QUICK GUIDE: How Not To Architect (Part 5)
Check out PART 1 here, PART 2 here, PART 3 here aaand PART 4 over here!
So, I'm frequently asked what makes me so ANGRY. The truth is, I'm not always in a rage... in fact, quite often I'm a veritable ball of sweetness and light! (Within reason of course, I am an architect after all...)
The infamous anger only really occurs only when I see architecture, design, engineering and project managing that is - how do I put this? - at the WRONG end of the intelligence spectrum. This includes everything from a dodgy door handle to an enormous, post-modern mess...
The question is: How can we reduce this source of face-palming frustration? By compiling a handy pamphlet for all concerned, succinctly named:
A QUICK GUIDE: HOW NOT TO ARCHITECT.
Peruse the articles below for examples of what not to do, and feel free to contribute to the collection as you see fit, just send me your photos over on the official Facebook page... for the benefit and continuing professional development of us all, of course. You can thank me later.
The Angry Architect
ARTICLE 41: THAT Bottom Step.
Nope nope nope.
Via: Bad Housing
ARTICLE 42: 'Tricky' Escalator.
I'm just fine with this one... but then, I'm pretty vertically challenged.
ARTICLE 43: Trace Reference.
What goes on in the mind of an architecture student...
ARTICLE 44: Difficult Doors.
I appreciate the placement of a chair as an improvised step. That's called 'making the best of a bad situation'.
ARTICLE 45: Public Housing Like Pruitt Igoe.
There were so many flaws with this, the most infamous example of public housing in US history - not least the segregation of racial groups and income brackets into different blocks... when the entire complex was eventually torn down, Charles Jencks declared: "Modern architecture died in St Louis, Missouri on July 15, 1972, at 3.32 pm."
Read more about it here: http://www.atlasobscura.com/articles/pruitt-igoe
ARTICLE 46: Thrilling Thresholds.
Did someone take that door-swing line on your drawing a little too literally? Maybe, just maybe.
ARTICLE 47: Ramp It Up.
As my fellow colleagues say to me all too frequently... "It's not ideal."

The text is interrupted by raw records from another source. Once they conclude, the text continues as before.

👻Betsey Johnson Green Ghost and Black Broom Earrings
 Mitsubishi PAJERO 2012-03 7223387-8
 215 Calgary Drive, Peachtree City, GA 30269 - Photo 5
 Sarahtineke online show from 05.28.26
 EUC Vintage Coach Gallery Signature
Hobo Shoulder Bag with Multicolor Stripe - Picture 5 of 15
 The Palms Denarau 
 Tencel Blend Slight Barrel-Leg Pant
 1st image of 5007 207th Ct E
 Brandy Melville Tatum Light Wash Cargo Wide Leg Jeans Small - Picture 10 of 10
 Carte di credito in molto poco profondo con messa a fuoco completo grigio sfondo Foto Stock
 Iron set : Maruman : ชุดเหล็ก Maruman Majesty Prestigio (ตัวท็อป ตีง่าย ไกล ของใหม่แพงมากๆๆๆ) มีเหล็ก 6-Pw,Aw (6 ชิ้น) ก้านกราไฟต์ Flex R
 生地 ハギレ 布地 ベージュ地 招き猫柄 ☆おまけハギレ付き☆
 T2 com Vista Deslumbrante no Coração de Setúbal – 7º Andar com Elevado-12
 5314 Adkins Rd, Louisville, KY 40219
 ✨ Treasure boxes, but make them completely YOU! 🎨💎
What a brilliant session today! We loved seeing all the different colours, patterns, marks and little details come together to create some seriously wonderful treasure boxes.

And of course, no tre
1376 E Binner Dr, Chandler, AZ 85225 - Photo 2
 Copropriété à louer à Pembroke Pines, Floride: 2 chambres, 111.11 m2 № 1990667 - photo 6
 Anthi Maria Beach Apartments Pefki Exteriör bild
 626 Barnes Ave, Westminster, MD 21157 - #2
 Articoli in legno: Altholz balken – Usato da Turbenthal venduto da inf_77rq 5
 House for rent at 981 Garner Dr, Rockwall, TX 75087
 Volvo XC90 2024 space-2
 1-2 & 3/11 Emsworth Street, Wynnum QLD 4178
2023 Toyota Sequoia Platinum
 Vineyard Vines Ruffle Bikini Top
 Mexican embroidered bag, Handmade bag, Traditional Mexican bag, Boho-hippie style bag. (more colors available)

ARTICLE 48: Room With A View.
Nervous temperament? Steer clear of this bathroom.
ARTICLE 49: Windows Of Death.
Winner of the prestigious National Honor Award from the American Institute of Architects in 1977, the John Hancock Tower stands as the tallest building in Boston and is an iconic architectural landmark.
But it hasn't always looked so handsome. There was a slight issue during this skyscraper's early years: the building liked to drop windows onto the pavement below. And these aren't your cutesy little house windows, but 5-by-12-foot, 500-pound slabs of aerial death. It wasn't just a few of them either, but hundreds and hundreds of windows hurtling to the streets below. The problem got so bad that whenever winds exceeded 45 miles an hour, police would close off the entire area around the building for public safety.
By April of that year, more than an acre of the building's exterior was covered in wooden panels: the building quickly became known as the 'plywood palace'. In the end, the issue was fixed, but only by replacing every single one of the windows at the cost of $7 million...
ARTICLE 50: The Play Park Of Doom.
A little leap just before you reach the bottom, and you might just make it kids.